• What is expected: Transcribe the data exactly, stopping after the "10 Zabrze Centrum" line.

Data entries
──────────

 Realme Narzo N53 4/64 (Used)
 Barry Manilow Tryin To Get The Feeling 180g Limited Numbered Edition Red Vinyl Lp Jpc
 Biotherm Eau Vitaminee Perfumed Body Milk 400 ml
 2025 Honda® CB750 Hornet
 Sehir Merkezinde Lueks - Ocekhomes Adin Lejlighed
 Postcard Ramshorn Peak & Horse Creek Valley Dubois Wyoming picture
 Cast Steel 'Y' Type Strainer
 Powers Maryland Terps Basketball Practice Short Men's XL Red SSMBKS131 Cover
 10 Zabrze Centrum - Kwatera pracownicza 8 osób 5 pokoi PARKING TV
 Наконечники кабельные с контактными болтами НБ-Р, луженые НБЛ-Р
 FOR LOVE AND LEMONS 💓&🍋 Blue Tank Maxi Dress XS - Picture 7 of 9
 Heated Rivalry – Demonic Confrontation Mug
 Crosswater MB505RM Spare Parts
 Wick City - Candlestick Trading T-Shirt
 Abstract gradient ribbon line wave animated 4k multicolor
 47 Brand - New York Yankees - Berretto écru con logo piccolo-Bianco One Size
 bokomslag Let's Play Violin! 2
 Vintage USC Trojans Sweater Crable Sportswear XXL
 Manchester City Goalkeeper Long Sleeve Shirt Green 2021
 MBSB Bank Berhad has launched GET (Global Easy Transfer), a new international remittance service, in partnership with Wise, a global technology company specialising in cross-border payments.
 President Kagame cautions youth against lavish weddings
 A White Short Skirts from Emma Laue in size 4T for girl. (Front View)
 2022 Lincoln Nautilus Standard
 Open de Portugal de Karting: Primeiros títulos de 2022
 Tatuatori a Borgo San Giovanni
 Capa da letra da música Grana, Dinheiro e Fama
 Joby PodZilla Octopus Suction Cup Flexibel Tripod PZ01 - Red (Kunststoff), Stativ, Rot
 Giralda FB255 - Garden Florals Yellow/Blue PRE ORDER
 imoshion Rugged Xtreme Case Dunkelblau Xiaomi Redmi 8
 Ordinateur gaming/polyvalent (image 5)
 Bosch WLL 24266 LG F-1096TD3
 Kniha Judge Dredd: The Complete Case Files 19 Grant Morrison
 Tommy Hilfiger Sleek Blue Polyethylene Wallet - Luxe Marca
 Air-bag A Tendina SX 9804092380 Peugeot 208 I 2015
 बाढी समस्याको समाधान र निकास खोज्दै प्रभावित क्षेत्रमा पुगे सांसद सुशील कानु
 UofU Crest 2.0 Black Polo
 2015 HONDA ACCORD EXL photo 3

──────────

• Answer to this problem:
 Realme Narzo N53 4/64 (Used)
 Barry Manilow Tryin To Get The Feeling 180g Limited Numbered Edition Red Vinyl Lp Jpc
 Biotherm Eau Vitaminee Perfumed Body Milk 400 ml
 2025 Honda® CB750 Hornet
 Sehir Merkezinde Lueks - Ocekhomes Adin Lejlighed
 Postcard Ramshorn Peak & Horse Creek Valley Dubois Wyoming picture
 Cast Steel 'Y' Type Strainer
 Powers Maryland Terps Basketball Practice Short Men's XL Red SSMBKS131 Cover
 10 Zabrze Centrum - Kwatera pracownicza 8 osób 5 pokoi PARKING TV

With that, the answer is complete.